━━━━━ RECORD SET ━━━━━
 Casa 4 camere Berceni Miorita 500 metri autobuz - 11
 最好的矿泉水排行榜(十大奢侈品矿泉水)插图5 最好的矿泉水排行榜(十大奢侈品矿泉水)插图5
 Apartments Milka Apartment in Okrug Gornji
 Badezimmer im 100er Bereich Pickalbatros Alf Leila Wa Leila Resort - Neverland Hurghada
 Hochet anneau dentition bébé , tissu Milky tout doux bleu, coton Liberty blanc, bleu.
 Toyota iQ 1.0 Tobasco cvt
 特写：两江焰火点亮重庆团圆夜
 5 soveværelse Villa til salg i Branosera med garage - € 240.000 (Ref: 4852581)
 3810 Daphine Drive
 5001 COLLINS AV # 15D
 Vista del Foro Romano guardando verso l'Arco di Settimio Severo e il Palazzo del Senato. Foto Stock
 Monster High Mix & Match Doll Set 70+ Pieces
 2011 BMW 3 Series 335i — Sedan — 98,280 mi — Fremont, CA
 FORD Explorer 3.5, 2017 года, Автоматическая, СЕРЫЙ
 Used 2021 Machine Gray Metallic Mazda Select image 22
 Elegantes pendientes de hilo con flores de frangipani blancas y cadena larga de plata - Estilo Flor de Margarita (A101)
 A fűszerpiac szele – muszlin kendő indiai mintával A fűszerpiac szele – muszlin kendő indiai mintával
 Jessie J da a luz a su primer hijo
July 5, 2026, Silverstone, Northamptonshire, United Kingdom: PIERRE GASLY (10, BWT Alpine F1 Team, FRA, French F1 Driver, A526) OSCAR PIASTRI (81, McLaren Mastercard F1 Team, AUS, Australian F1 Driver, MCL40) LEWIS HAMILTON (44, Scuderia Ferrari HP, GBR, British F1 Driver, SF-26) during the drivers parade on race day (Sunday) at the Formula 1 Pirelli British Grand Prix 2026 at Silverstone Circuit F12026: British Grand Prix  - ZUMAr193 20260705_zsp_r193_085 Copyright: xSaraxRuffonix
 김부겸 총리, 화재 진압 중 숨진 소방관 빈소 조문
━━━━━
EXERCISE REQUIREMENTS —
None of the lines before the one containing "July 5, 2026, Silverstone, Northamptonshire, United" belong in the answer; reproduce that line and all later lines of the records exactly.

THE COMPLETED TASK —
July 5, 2026, Silverstone, Northamptonshire, United Kingdom: PIERRE GASLY (10, BWT Alpine F1 Team, FRA, French F1 Driver, A526) OSCAR PIASTRI (81, McLaren Mastercard F1 Team, AUS, Australian F1 Driver, MCL40) LEWIS HAMILTON (44, Scuderia Ferrari HP, GBR, British F1 Driver, SF-26) during the drivers parade on race day (Sunday) at the Formula 1 Pirelli British Grand Prix 2026 at Silverstone Circuit F12026: British Grand Prix  - ZUMAr193 20260705_zsp_r193_085 Copyright: xSaraxRuffonix
 김부겸 총리, 화재 진압 중 숨진 소방관 빈소 조문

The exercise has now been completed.